Coincidentally, although I am coming around to the idea that there are no coincidences, last weekend, I listened to a Love and Logic tape. I read some Love and Logic material when Julia was home for about a year. I liked it but did not find it all that useful in dealing with Julia who was so irrational and out of control. I could not work it down to her level as I was handling tantrums and melt downs. Could have been my failing, but be that as it may. But after last week’s listening, I can see it as a tool for letting go of imagined control I think that I should have and replacing control with responsibility, eventually the child’s responsibility for herself.


And so, Marilyn, saw some of the up side of my terrible morning: first, Julia responded to my terrible behavior. She was more compliant and tried very hard to follow my directions and to please me. It may be time for Love and Logic strategies. Second, Julia can be responsible for her behavior. Under dire circumstances, yes, but responsibly none the less. Third, I have a whole bunch of control issues that need working on. My control issues about others people in my life can be separated from my control issues with Julia. Fourth, we are assuming, and this was a tough stretch on my part at first, that some of Julia’s picking is very physical in nature. As the scabs heal, they itch and her attention is called to those spots. Assuming, at least for the moment, that some of this issue is really physical in nature, I have a call into our doctor to get some stronger anti-itch cream. Fifth, we had a good session with Marilyn. Julia was in my arms for most of it, cradled like a baby, as we talked about my anger and sadness and her reactions to it. And then about China a bit.

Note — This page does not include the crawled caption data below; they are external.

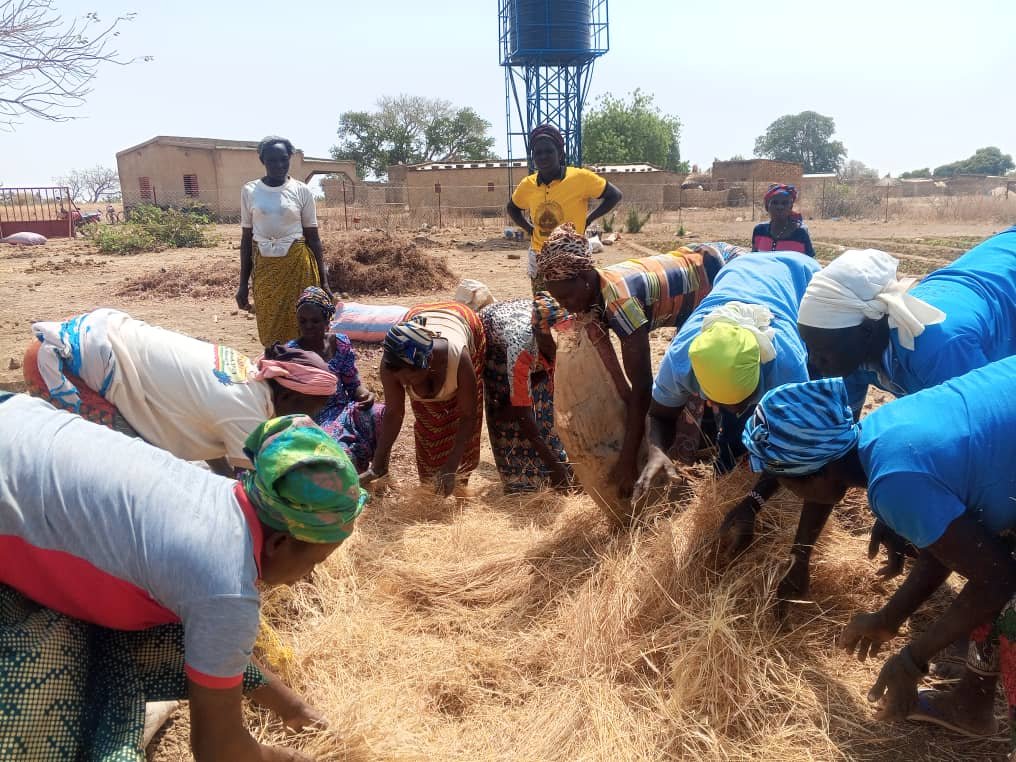 WhatsApp Image 2025-11-27 at 10.41.14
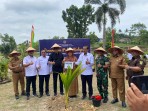Imigrasi Pekanbaru Tanam Ratusan Pohon Kelapa, Dukung Ketahanan Pangan Nasional dan Lestarikan Lingkungan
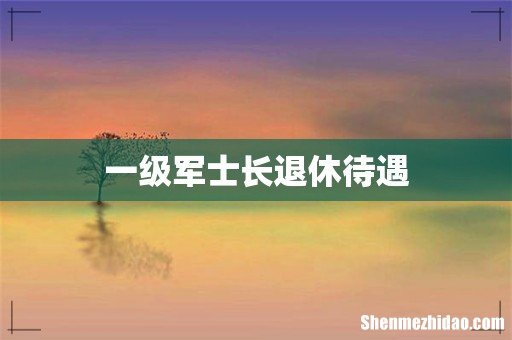 一级军士长退休待遇
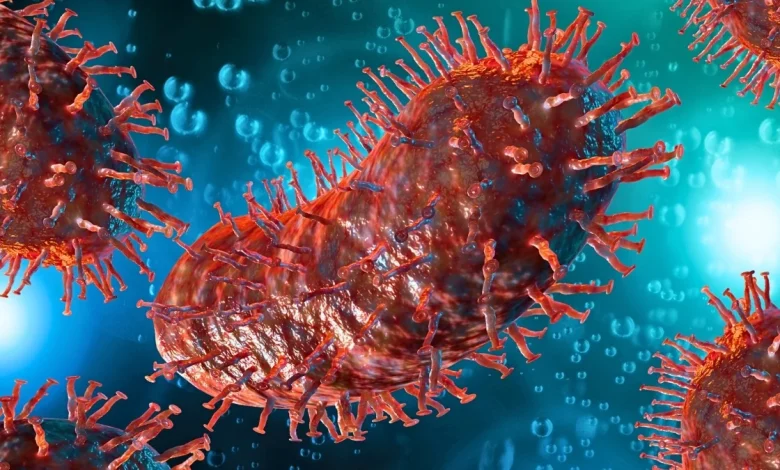 US Man Dies From Rabies After Receiving Infected Kidney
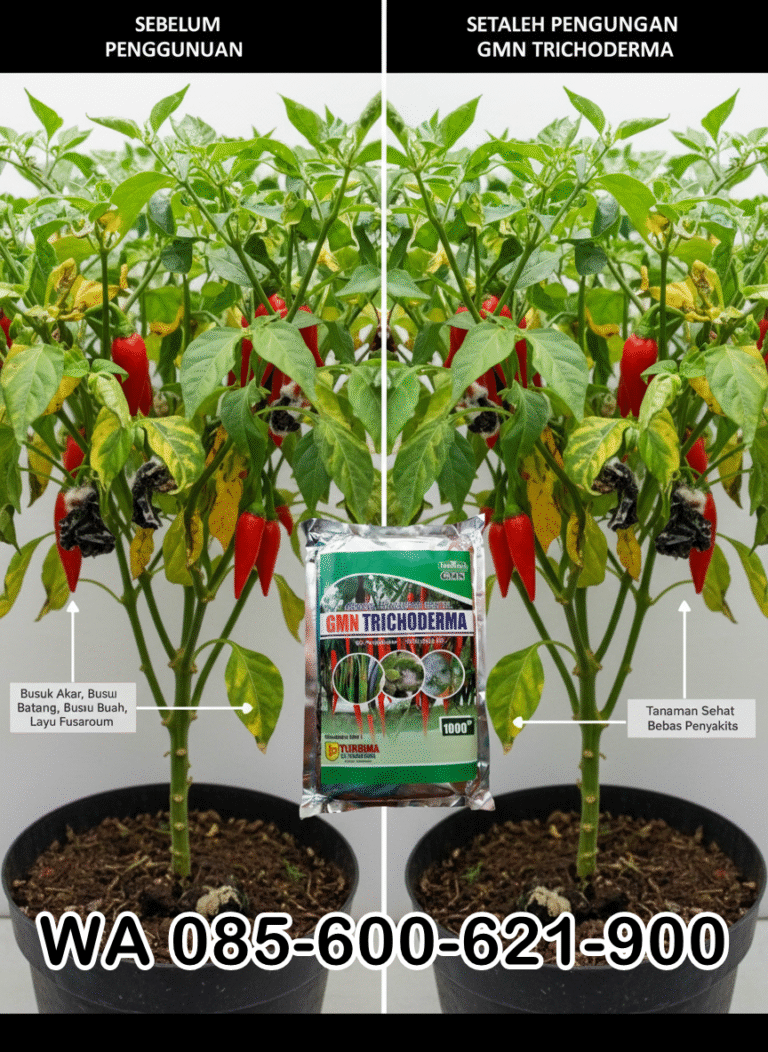 TERBATAS.085-600-621-900, Harga trichoderma untuk cabe, Distributor trichoderma untuk bawang merah, Agen trichoderma untuk padi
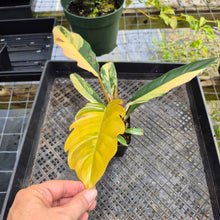 Load image into Gallery viewer, Philodendron Caramel Marble, Exact Plant Variegated Ships Nationwide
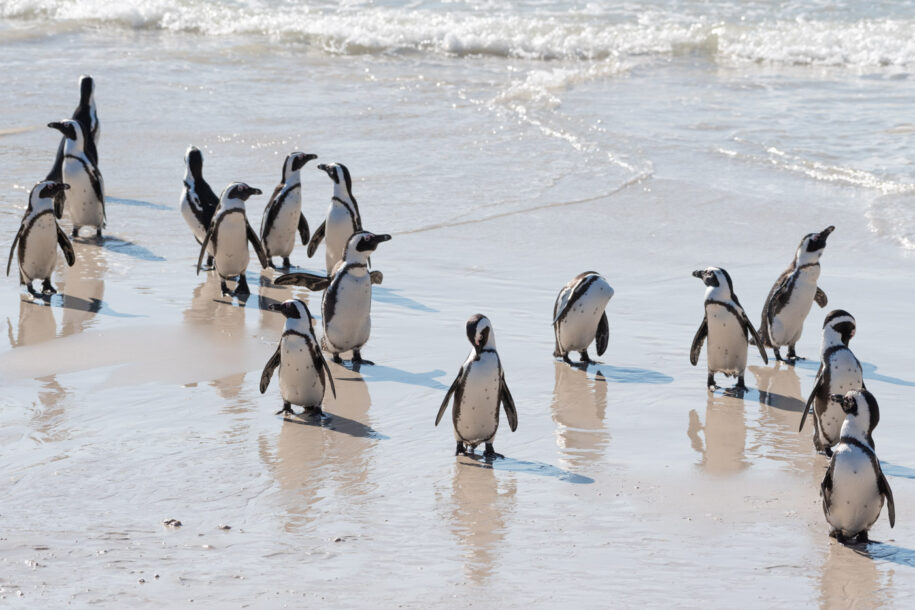 Plage avec des pingouins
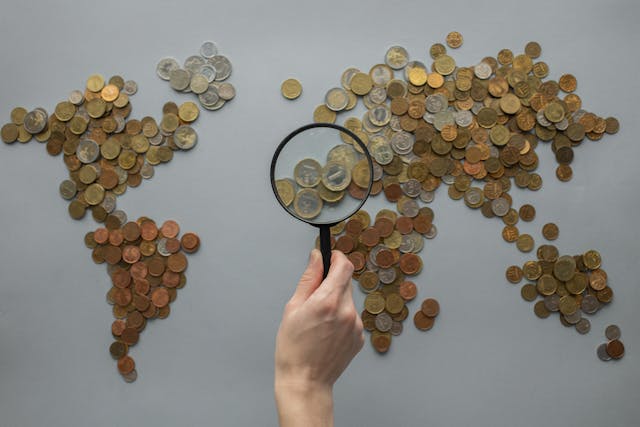 Should Expats Invest in their Home Country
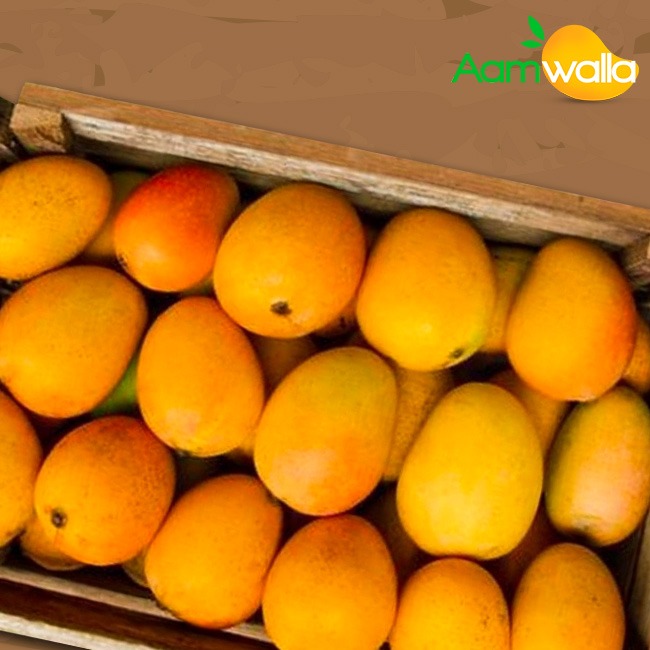 mango home delivery near me, alphonso mango, alphonso mango online,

It always comes back to China.


Last night, after Julia’s shower, I put 42 bandaids on her active scabs. Some bandaids covered more than one scab. I wrote the number on our bathroom mirror. I told Julia that 42 scabs were too many. I don’t know if we are going towards putting bandaids on every night or something else but she is responsible to getting the number down. I’ll help, but she will have to do it. This morning we were back to following Julia’s morning map, strong sitting, and tapping. I continue to help her dress and do all of her readiness so she has no time alone to pick, but I will begin to fade that asap to get back to where she was following the map with minimal interference from me.


Another note on my feelings: yesterday, when I was self-talking, I came upon a feeling a real resentment that I was spending so much energy on Julia’s scabs when I should be dealing with my fallow year issues: healing, processing, and discovering purpose. This reminded me of a friend whose first sabbatical was spent, not in brilliant project work, but in gut wrenching personal work. We have to do the work in front of us. And the work of yesterday had to do with so much more than scabs.


The dog sits next to me as I type. I am sitting on one of the two chairs that I brought from my mother’s house that I installed in my bedroom. I’ve always loved this chair, and although I am not crazy about the material that covers it right now, I love the size and shape and the way that Latkah and I can enjoy the morning light coming in through my bedroom window. This is a good writing space. As I hoped it would be.